Commanders and leaders
- Lt. Col. Tony Henderson: Naeem Baraikh, shadow governor; Maulavi Ubaidurrahman Nurzai;

Strength
- Approx. 800 Marines: 500

Casualties and losses
- 1 killed (2008): 498 killed (2008)

= Battle of Garmsir =

2008–2011 battle of the War in Afghanistan

The Battle of Garmsir (also Garmser) was a battle between United States Marines and other ISAF coalition forces, and Taliban insurgents in Garmsir, southern Afghanistan. It was part of the Helmand Province campaign and took place primarily between 2007 and 2011. By the end of December 2007, the situation on the ground had reached a stalemate, and a de facto border had been established. In order to break this stalemate Operation Asada Wosa (Live Free) was undertaken. 1st Battalion, 6th Marines, the battalion landing team for the 24th MEU along with elements from 2nd Reconnaissance Bn started their combat operations with an attack on the Taliban-held town of Garmsir on 28 April.
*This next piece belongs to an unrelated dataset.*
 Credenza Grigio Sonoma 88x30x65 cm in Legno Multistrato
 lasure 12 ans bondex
The operation was carried out in conjunction with British troops of the 16 Air Assault Brigade. Taliban forces withdrew from the town as a result of the assault and took up a position further south.

After seizing Garmsir, the Marines pushed further south into an area where the insurgents had built bunkers and tunnels capable of withstanding coalition airstrikes. They ran into stiff resistance and the operation, expected to take a few days, lasted more than a month. This implied to the ISAF commander that the town was important to the insurgents, as such the Marines were ordered to remain in the area in order to keep the pressure up. With the original mission changed, the Marines transitioned from combat operations to civil operations.

==History==
By the end of December 2007, the situation on the ground reached a stalemate. A de facto border was established east of Garmsir along the banks of the Helmand River that divided British-held from Taliban-held territory. The British were outnumbered by the larger Taliban force which was receiving reinforcements from Pakistan. However, the British had jets and heavy artillery on their side. Both forces fought in the following months for mere yards of territory.
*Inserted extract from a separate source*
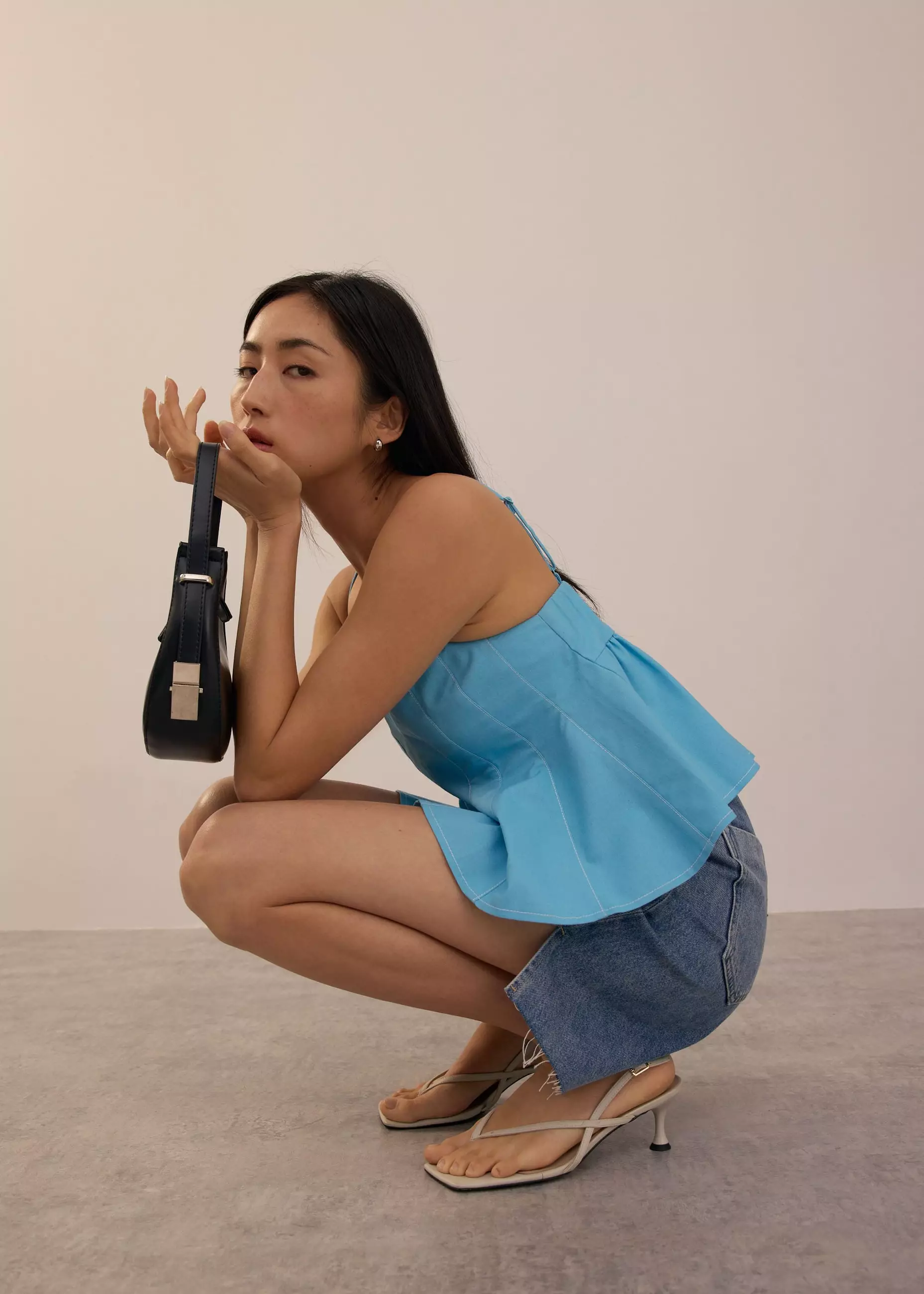 Atasan Wanita - V-neck Peplum Camisole Top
In early 2008, the 24th Marine Expeditionary Unit, under the command of Col. Peter Petronzio, arrived to reinforce the ISAF's fight. In April 2008, Col. Petronzio sent a battalion of U.S. Marines to Garmsir.

==The Battle: Operation Asada Wosa (Live Free)==

1st Battalion, 6th Marines, the battalion landing team for the 24th MEU along with elements from 2nd Reconnaissance Bn started their combat operations with an attack on the Taliban-held town of Garmsir on 28 April. The operation was carried out in conjunction with British troops of the 16 Air Assault Brigade. Taliban forces withdrew from the town as a result of the assault and took up a position further south.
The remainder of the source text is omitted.